When Lee began assembling his own workshop after graduation, he focused on hand tools because he didn’t have the space for machinery. Their superior results and relaxed feel soon won him over. He started buying box lots at auctions, taking out the few tools he wanted and selling the rest. That’s when he discovered he liked dealing, too.
Twenty-six years later, Lee still loves period furniture and the tools that made them. He is the founder of The Best Things Corporation, specializing in fine woodworking tools. He is also a 10-year veteran tool expert for the traveling PBS series, Antiques Roadshow, exchanging appraisals for close-up encounters with old tools and the local people who bring them in. One of his favorite assessments was an 1830s drafting set shared by the family member of a surveyor who was sent by the US government to help map the country’s interior.
TOOLS TO COLLECT
Like any collectible, it’s smart to buy what you like or what
you will actually use. Woodworkers choose tools for their quality,
craftsmanship, and functionality. Collectors who never intend to use an antique
tool are more interested in the history, aesthetics, and condition. They
generally collect based on the type of tool, the time period, the region, or
the patents on the design.
Here are some tool-collecting categories worth checking out:
Planes. Aside from being prevalent and highly useful, many planes are also visually aesthetic and have intriguing histories. Styles and types range, and you can expect to pay anywhere from a few dollars for a scruffy unmarked wooden plane to tens of thousands for one made by a celebrated 18th-century craftsman. Lee groups the category into four types:
1. Molding & other wooden planes. Before factories, individual cabinetmakers owned as many as 30-60 different wooden planes, most of them being molding planes. Sheer number makes them a reasonably accessible collectible with prices beginning around $50 for interesting and usable 19th-century examples.

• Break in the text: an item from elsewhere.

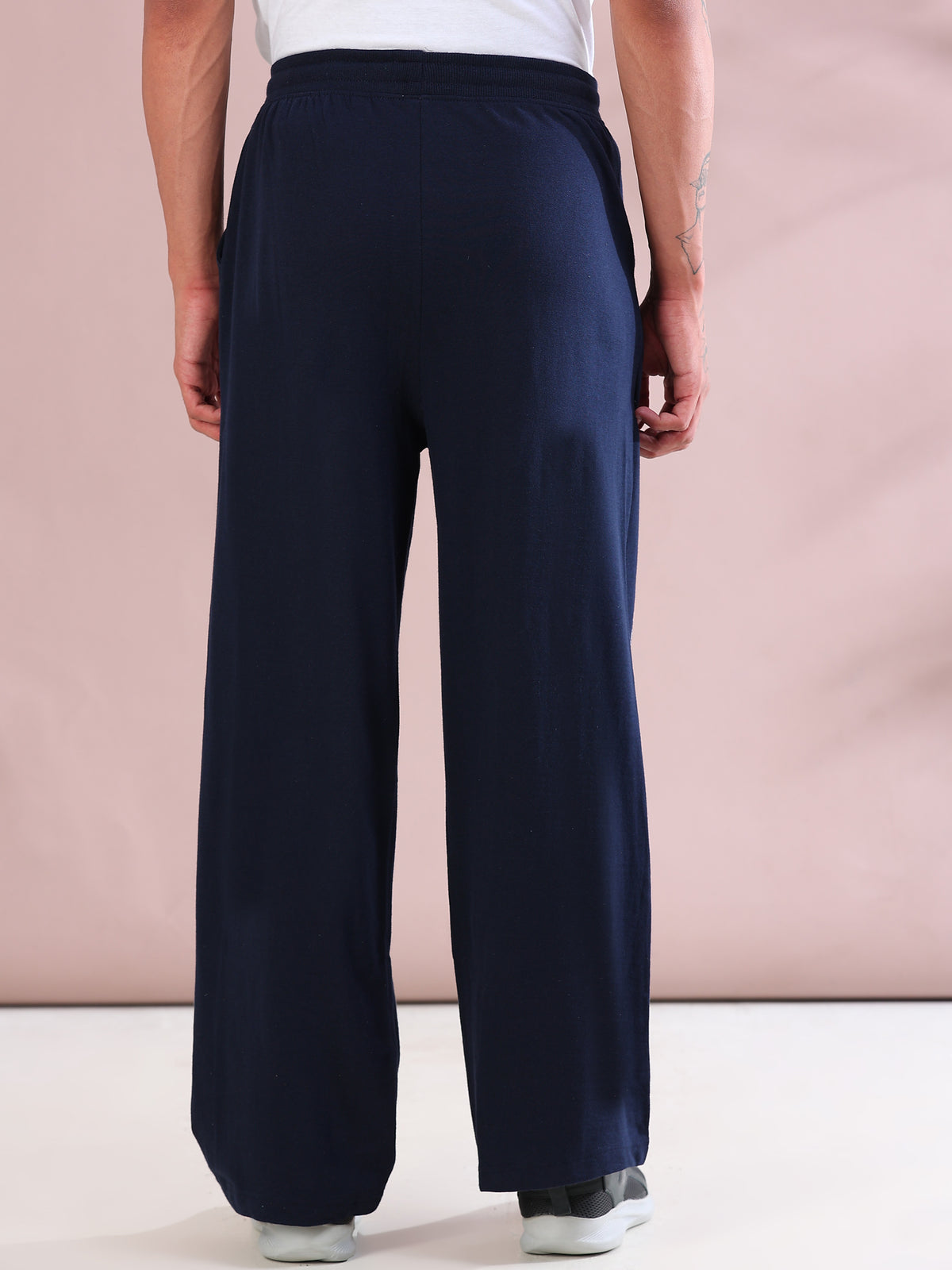 ARDEUR ZEAL IN YOU Mens Navy Cotton Blend No Limits Printed Baggy Fit Track Pants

Lee estimates there were more than a hundred individual pioneering American makers creating 18th-century planes, though some are quite obscure. “One favorite that brings the most money is Cesar Chelor, a freed slave from Massachusetts,” Lee says. “Cesar apprenticed under his master, Francis Nicholson, the first noted American plane maker. When Nicholson died in 1753, he willed Cesar his freedom, some tools, and enough land to establish him as the first independent African-American toolmaker.” Today, any of the estimated 200 planes remaining with a stamp of Cesar’s name tug at emotions, as well as pocketbooks. Last year, Lee appraised one between $6,000 and $8,000; others have gone much higher.